◆ YOUR GOAL
Your task is to retype every entry exactly while omitting the pictures.
Start of SUPPLIED ENTRIES
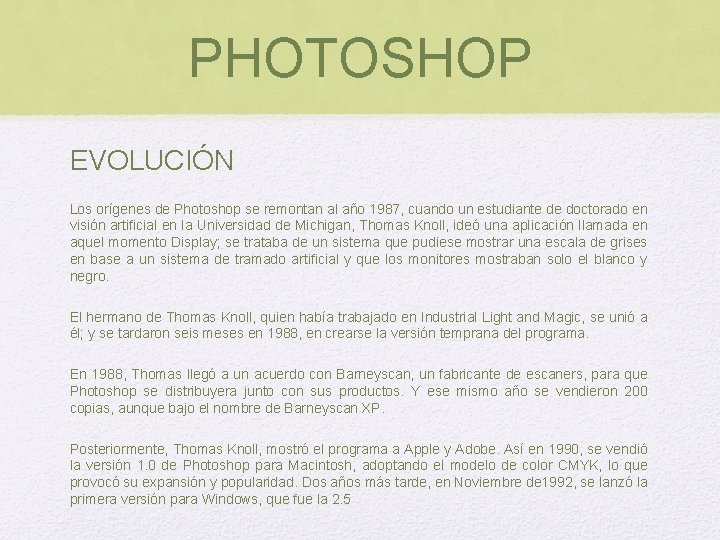 PHOTOSHOP EVOLUCIÓN Los orígenes de Photoshop se remontan al año 1987, cuando un estudiante PHOTOSHOP EVOLUCIÓN Los orígenes de Photoshop se remontan al año 1987, cuando un estudiante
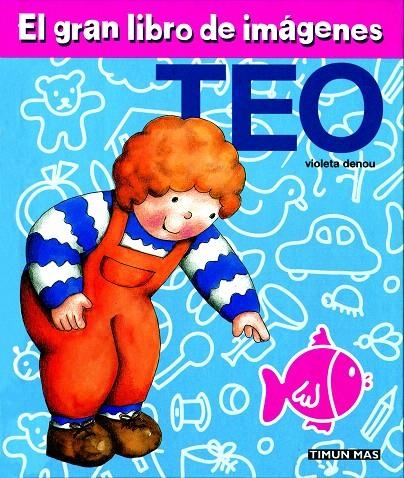 GRAN LIBRO DE IMAGENES TEO, EL | 9788448003951 | DENOU, VIOLETA | Librería Castillón - Comprar libros online Aragón, Barbastro
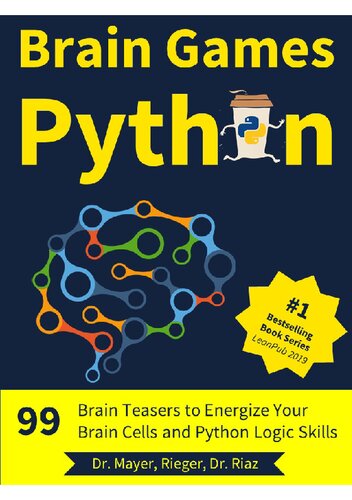 Brain Games Python 99 Brain Teasers For Beginners To Energize Your Brain Cells And Python Logic Skills Christian Mayer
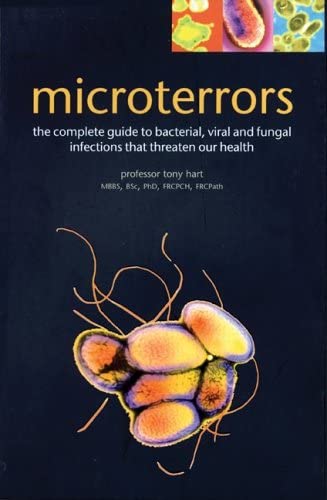 Microterrors: The Complete Guide to Bacterial, Viral and Fungal Infections that Threaten Our Health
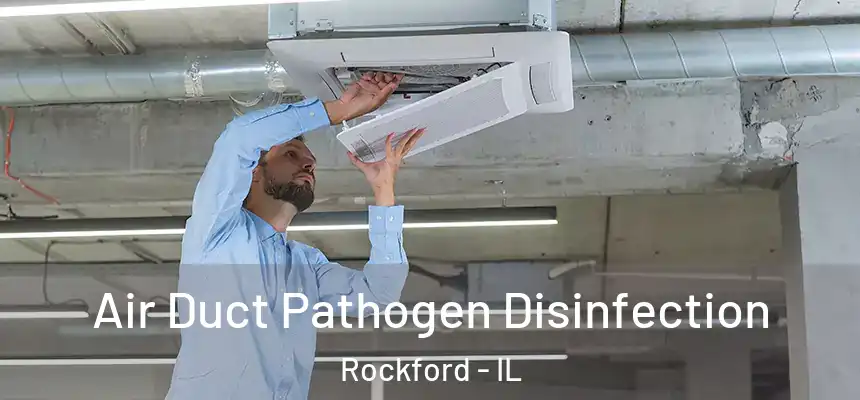 Air Duct Pathogen Disinfection Rockford - IL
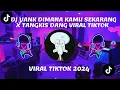 Download Lagu DJ YANK DIMANA KAMU SEKARANG X TANGKIS DANG VIRAL TIKTOK || JOOXI REMIX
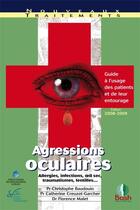 Couverture du livre « Agressions oculaires ; guide à l'usage des patients et de leur entourage » de Christophe Baudouin et Catherine Creuzot-Garcher et Florence Malet aux éditions Bash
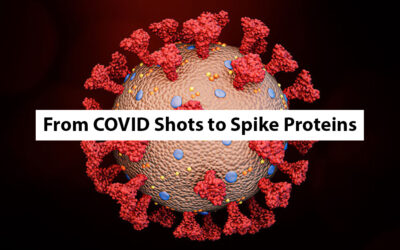 From COVID Shots to Spike Proteins: What’s Really Going On—and How to Protect Your Body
End of SUPPLIED ENTRIES
◆ ANSWER TO THE PROBLEM
 PHOTOSHOP EVOLUCIÓN Los orígenes de Photoshop se remontan al año 1987, cuando un estudiante PHOTOSHOP EVOLUCIÓN Los orígenes de Photoshop se remontan al año 1987, cuando un estudiante
 GRAN LIBRO DE IMAGENES TEO, EL | 9788448003951 | DENOU, VIOLETA | Librería Castillón - Comprar libros online Aragón, Barbastro
 Brain Games Python 99 Brain Teasers For Beginners To Energize Your Brain Cells And Python Logic Skills Christian Mayer
 Microterrors: The Complete Guide to Bacterial, Viral and Fungal Infections that Threaten Our Health
 Air Duct Pathogen Disinfection Rockford - IL
 Download Lagu DJ YANK DIMANA KAMU SEKARANG X TANGKIS DANG VIRAL TIKTOK || JOOXI REMIX
 Couverture du livre « Agressions oculaires ; guide à l'usage des patients et de leur entourage » de Christophe Baudouin et Catherine Creuzot-Garcher et Florence Malet aux éditions Bash
 From COVID Shots to Spike Proteins: What’s Really Going On—and How to Protect Your Body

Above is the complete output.